From the Beginning: The Business Case
This is the important step in making sure the benefits delivery can actually be realized. If the business case is flaky, you won’t have clarity on what the benefits are, let alone whether or not they can be achieved.
There should be a clear list of benefits in the business case. That’s a start, but you also want your project proposals to have detail about how those benefits are going to be achieved. Is it through more product sales, staff savings, efficiency targets or something else?
Project benefits can be tangible or intangible, and it’s fine to accept both. However, if you have any expectation of being able to measure if they were delivered, you need to establish how you are going to measure them. These performance indicators and key success factors should be set out in the business case. If they aren’t there, the PMO team can work with the business case owner to establish sensible measures for tracking the benefits.
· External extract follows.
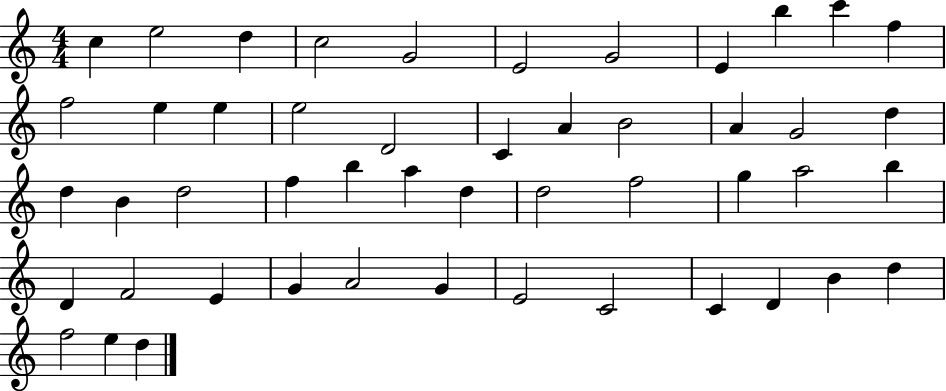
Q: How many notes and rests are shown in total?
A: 49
The PMO experts can review and challenge appropriately, for example, making sure that the benefits of this project are not double-counted through being also mentioned in another business case. This step is all about transparency and making sure that you are starting out on the right foot: being able to track and measure the benefits you have identified when the time comes.
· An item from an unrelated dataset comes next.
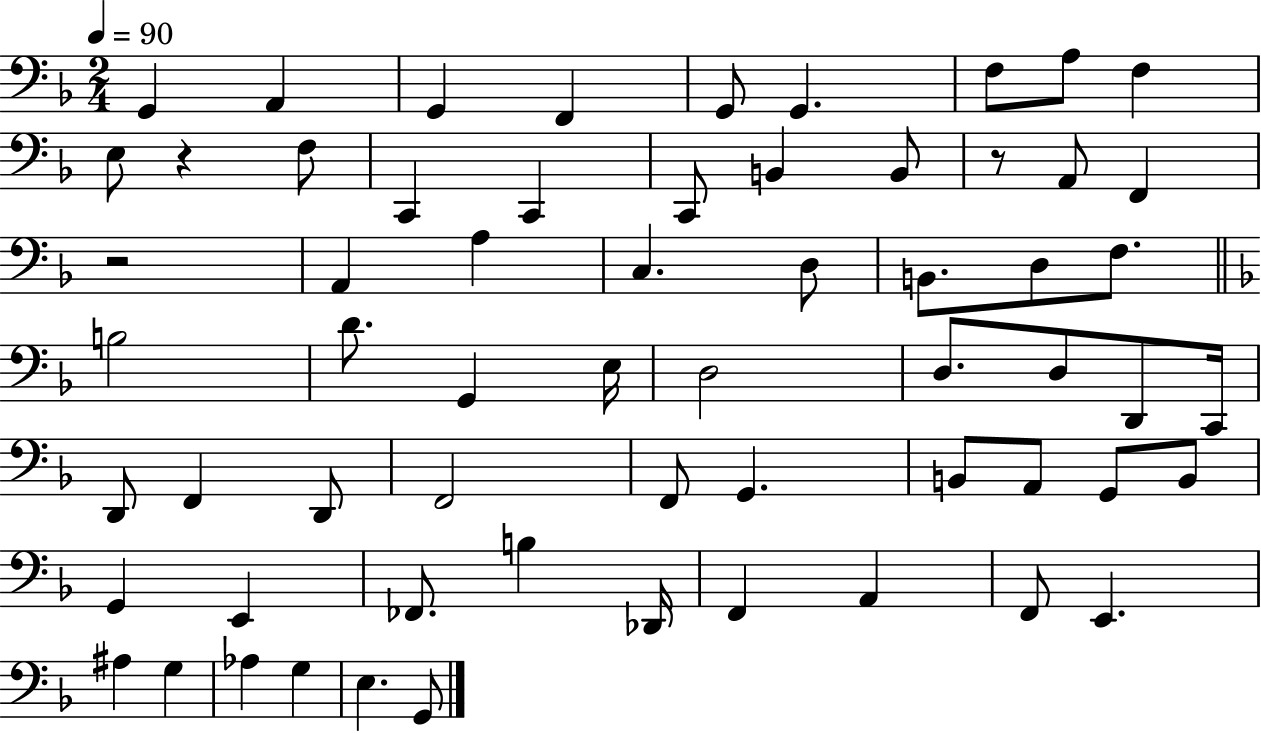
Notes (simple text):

During the Project: Tracking and Control
There are simple checks to carry out during the project. The PMO can ensure that the project plan includes tasks around preparing for benefits realization, such as making sure any reports that are needed to track benefits are built or that training is given to teams that need it.
If there are any benefits that will be realized before the project or program officially draws to a close, there should be some milestones in the plans that point to this. These can act as an early warning sign that benefits may not be achieved, and allow the project sponsor to review the forecasts if required.
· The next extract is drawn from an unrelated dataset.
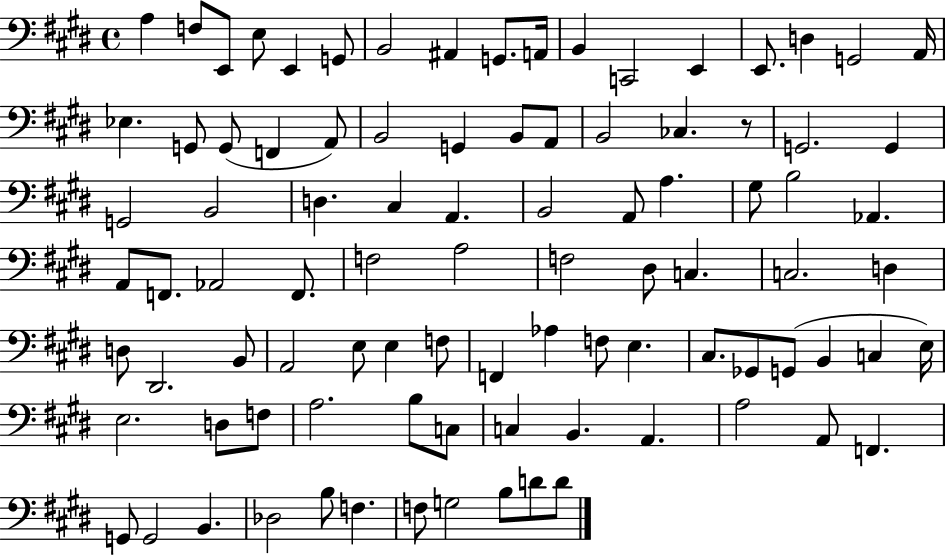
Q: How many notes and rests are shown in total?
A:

The PMO is also the guardian of the change management process. One of the triggers for a change, and a criteria for change evaluation, should be anything that affects the benefits as they are stated in the business case. For example, if a new software requirement is going to delay the launch of the product for a month, that delay might wipe out a month of benefit to the point where the company feels this is not an acceptable change to make – even if in all other cases it looks fine. This information allows the decision makers to decide which path to go down, which in this instance might be to delay the software change until after launch and package it into a product update.
Project reporting is another key area during the project. The PMO has a part to play in ensuring that Project Board meetings have a focus on benefits – or that it’s a least a regular agenda item. It gives the project team the opportunity to raise any concerns they might have about the achievability of benefits. You’ve then got time to work together to either reforecast benefits or adjust the plans accordingly.
Good project reporting also offers the opportunity to consider closing the project down before too much investment is wasted chasing benefits that don’t really exist or cannot be delivered. Closing a project is always a tough call, but it’s far better to do so early and reinvest the remaining budget on something that will deliver value.
After the Project: Follow Up
When the project team moves on, the PMO team doesn’t. This puts them in a great position to provide follow up support to the product owner or project sponsor.
It’s also a good way to build long term, supportive relationships with business areas outside of the hectic schedules of project delivery. It’s also a way to show that it’s not simply acceptable to think of benefits on paper. The PMO can hold the business case owners accountable for both benefits delivery and support teams where there is less accountability.
While the PMO can’t take ultimate responsibility for achieving the benefits in any given business case, they can certainly play a supporting role. With the structure, process and focus that the PMO can give, you’ll have more chance of achieving realistic benefits and turning more of your projects into success stories.